▶ **EXERCISE DIRECTIONS**
Exact copies of the lines from the one with "Morrisons Persil Wonder" through the last line of the entries, and no pictures, make up the answer.
DATASET CONTENT Start Marker
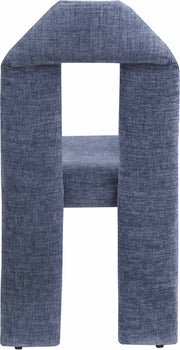 Bennett Chenille Fabric Upholstered Dining Chair in Light Blue, Set of 2 - 998LtBlu-C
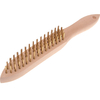 Faithfull Brass Scratch Wire Brush 4 Rows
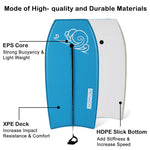 PEXMOR 41in Adjustable Lightweight Bodyboard Yellow/Blue/Pink/Green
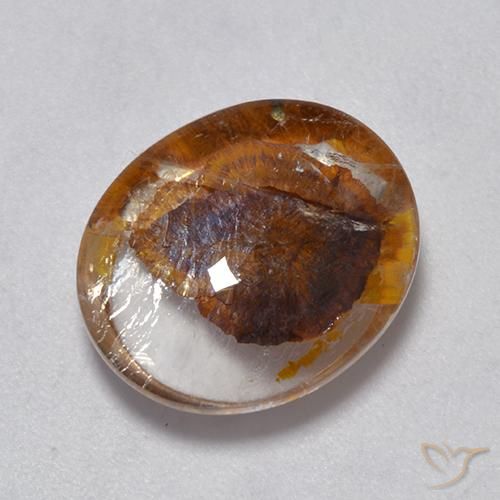 7.05 ct Multicolor Quartz With Marcasite Stone, Natural Quartz With Marcasite in Oval Cabochon Shape for Sale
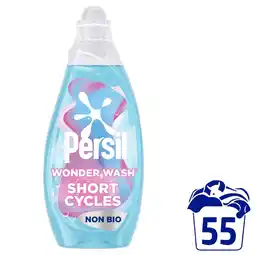 Morrisons Persil Wonder Wash Liquid Detergent Sensitive Non Bio 55 Washes offer
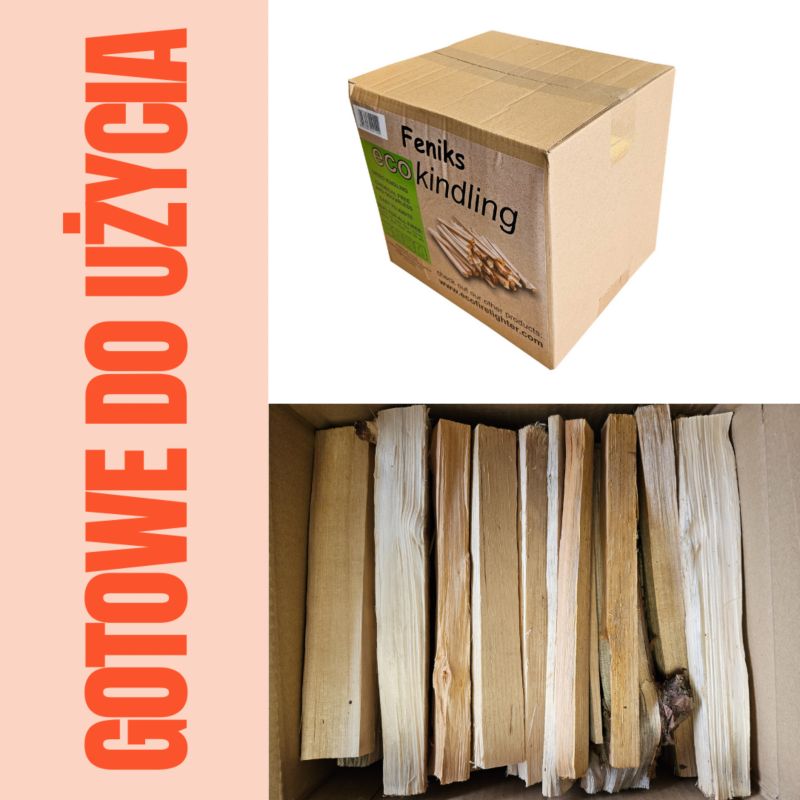 Optændingstræ 25 cm 20 Liter i Karton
DATASET CONTENT End Marker
▶ **THE ANSWER**
 Morrisons Persil Wonder Wash Liquid Detergent Sensitive Non Bio 55 Washes offer
 Optændingstræ 25 cm 20 Liter i Karton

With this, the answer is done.